Directions |
Beginning with the line containing "Tim Duncan San" and ending with the line containing "ペットが喜ぶ 夏用キャリークッションベッド 接触冷感", write out each line of the records below exactly; pictures and lines outside that range are left out.

Provided records: Begin

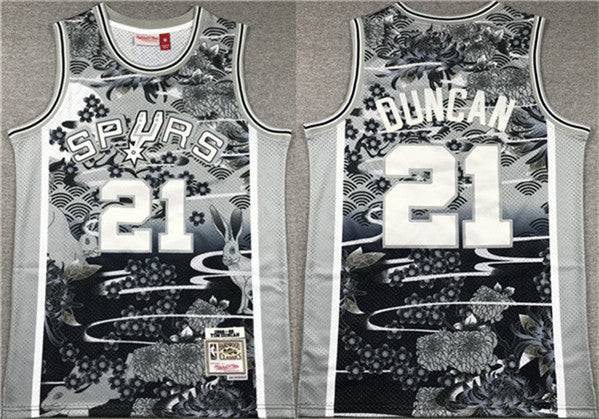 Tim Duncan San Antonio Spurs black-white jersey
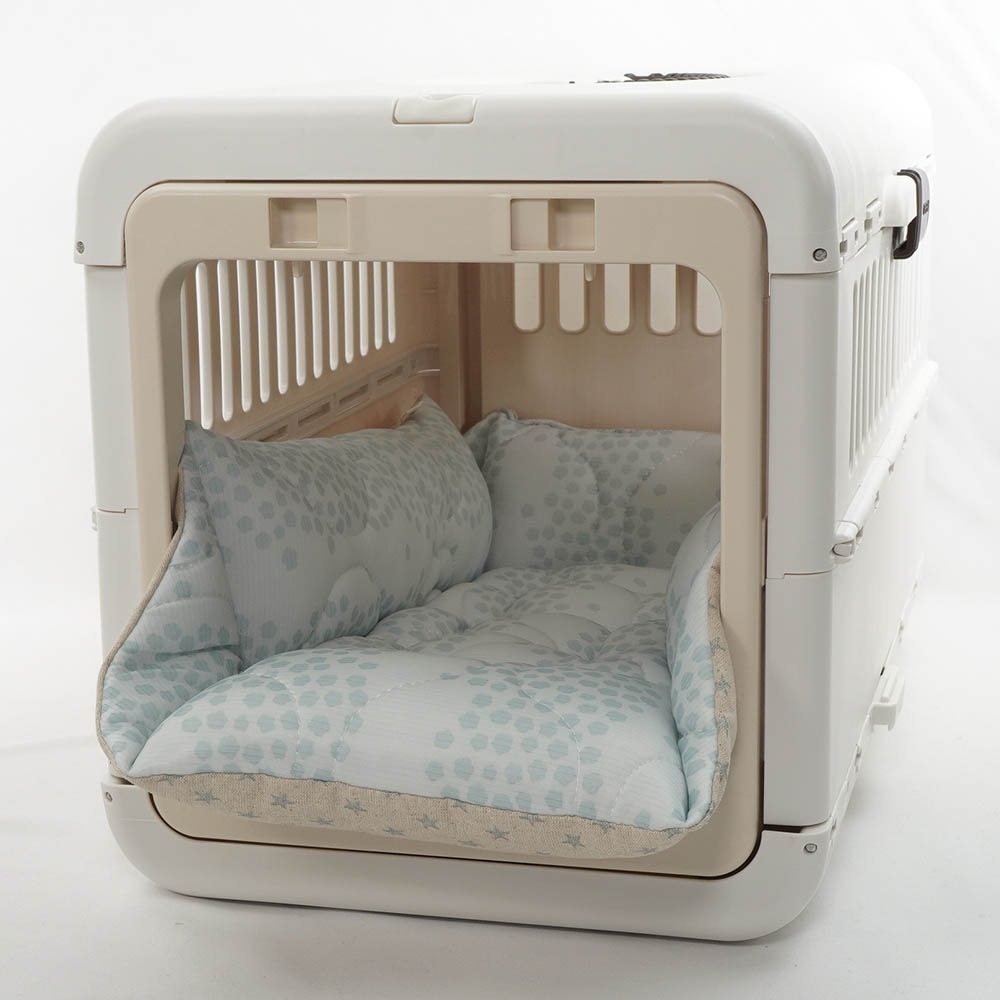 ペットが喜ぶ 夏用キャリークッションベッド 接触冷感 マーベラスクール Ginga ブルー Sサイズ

Provided records: End
Provided records: Begin

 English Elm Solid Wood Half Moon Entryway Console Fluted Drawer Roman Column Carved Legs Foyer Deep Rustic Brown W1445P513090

Provided records: End

Expected output |
 Tim Duncan San Antonio Spurs black-white jersey
 ペットが喜ぶ 夏用キャリークッションベッド 接触冷感 マーベラスクール Ginga ブルー Sサイズ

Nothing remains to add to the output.